L’Arcep met le cap sur la 5G et l’attribution de nouvelles fréquences

L’Arcep met le cap sur la 5G et l’attribution de nouvelles fréquences

Si pléthore de consommateurs refusent de penser à la 5G puisqu’ils ne captent toujours pas de façon optimale la 4G, toujours en cours de déploiement, l’industrie des télécoms prépare actuellement les réseaux du futur. De nombreux travaux sont donc en cours pour préparer l’arrivée de la dite « 5G ». L’Arcep en premier lieu, d’ailleurs le régulateur a publié hier la synthèse des contributions à la consultation publique " De nouvelles fréquences pour le très haut débit dans les territoires, pour les entreprises, la 5G et l’innovation " lancée le 6 janvier 2017. 

Sans l’ombre d’un doute, l’Arcep touche du doigt la 5G et prépare son arrivée en annonçant que la bande 3,4-3,8 GHz a vocation à accueillir dès 2020 des services mobiles de cinquième génération.
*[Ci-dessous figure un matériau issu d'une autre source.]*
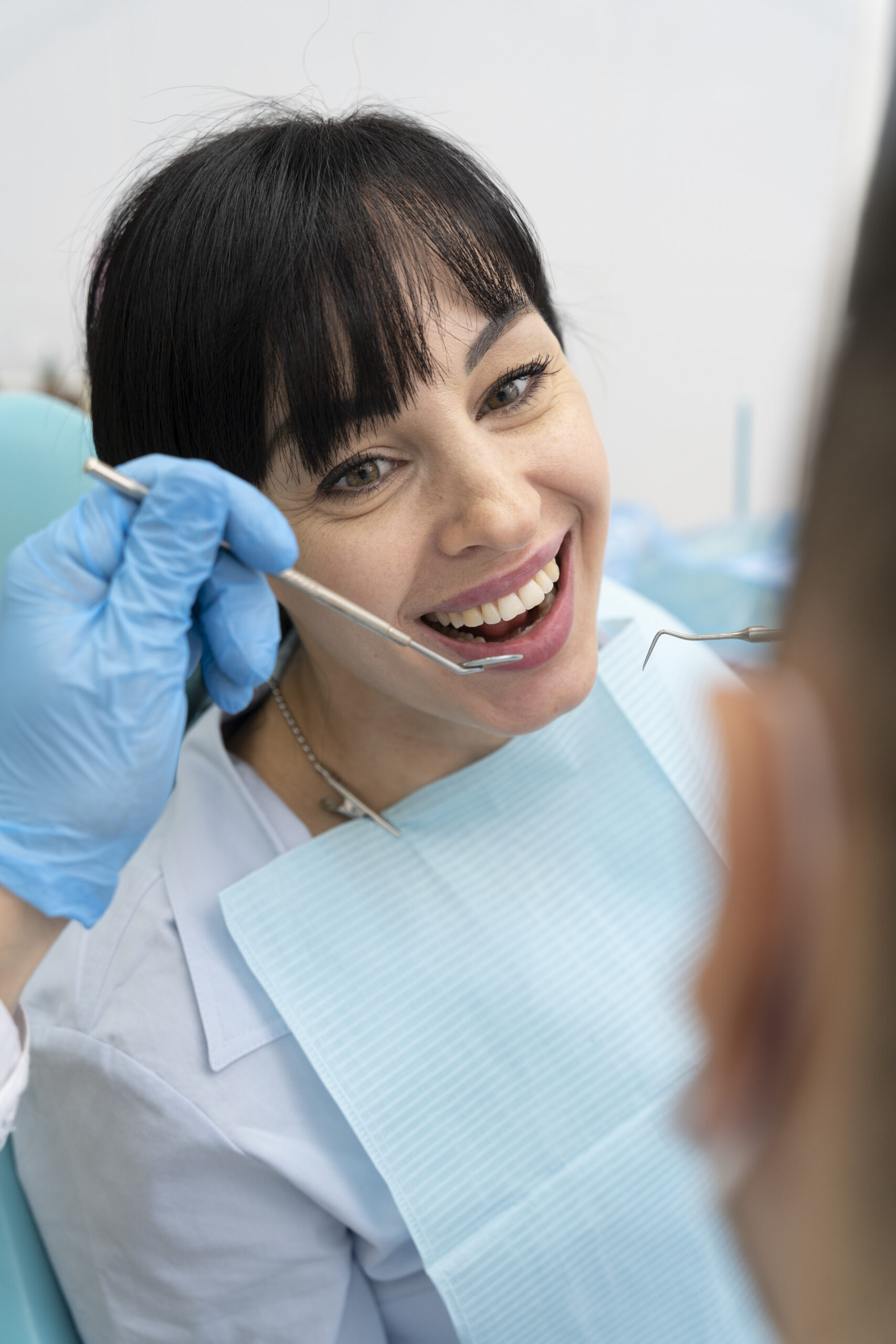 dentist-doing-check-up-patient (1)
Le régulateur souhaite donc entamer immédiatement les différents travaux préparatoires au lancement de la 5G dans cette bande.

Réorganiser la bande 3,5 GHz

Les contributeurs à la consultation publique se sont montrés favorables à un réaménagement des fréquences dans cette bande, pour prendre en compte l’évolution des technologies utilisées. Ainsi, les autorisations qui existent actuellement dans la bande 3400-3600 MHz seront regroupées, sous la forme de blocs contigus, vers le bas de la bande, afin d’atteindre, à terme, le schéma cible présenté ci-dessous.

Cela permettra de disposer pour la 5G, de plus de 300 MHz contigus d’ici 2020, et de 340 MHz d’ici 2026 (voire 390 MHz là où les fréquences ne seraient pas utilisées pour le THD radio). L’objectif de l’Arcep étant ainsi de « compléter la boîte à outils qui est disponible pour couvrir le territoire en haut et très haut débit fixe : l’usage de ces fréquences pourra être complémentaire du déploiement de la fibre, de la modernisation des réseaux cuivre et câble existants, de l’usage de la 4G des opérateurs mobiles, ou encore du satellite. »

S’agissant du THD radio, l’Arcep confirme son intention de permettre l’utilisation de 40 MHz pour proposer des accès fixes à Internet à très haut débit, dans les territoires ne disposant pas de solutions satisfaisantes à court ou moyen terme. Il s’agira de la bande 3420 3460 MHz. L’Arcep espère l’ouverture de la procédure d’attribution des fréquences en septembre 2017 pour le THD radio.

Lancer des pilotes 5G

Sans attendre le déroulement de ces réaménagements et l’attribution des fréquences 5G, l’Arcep souhaite permettre rapidement aux acteurs qui en feraient la demande de pouvoir réaliser des pilotes 5G. Ainsi, une sous-bande de 80 MHz (3600 3680 MHz) a été identifiée et pourrait être attribuée dans différents lieux. Au vu des différentes contraintes imposées, de manière transitoire, par d’autres utilisateurs de ces fréquences, le régulateur a identifié une première liste de villes où de tels projets pilotes pourraient être menés : Lyon, Nantes, Lille, Le Havre, Saint-Étienne et Grenoble. Cette liste n’est pas limitative et l’Arcep invite toutes les personnes intéressées par le lancement de tels pilotes à la contacter pour étudier la faisabilité de leur projet. Enfin et sur la base de ces tests, l’Arcep espère lancer à compter de 2018, la procédure d’attribution qui permettra le lancement de la 5G en France.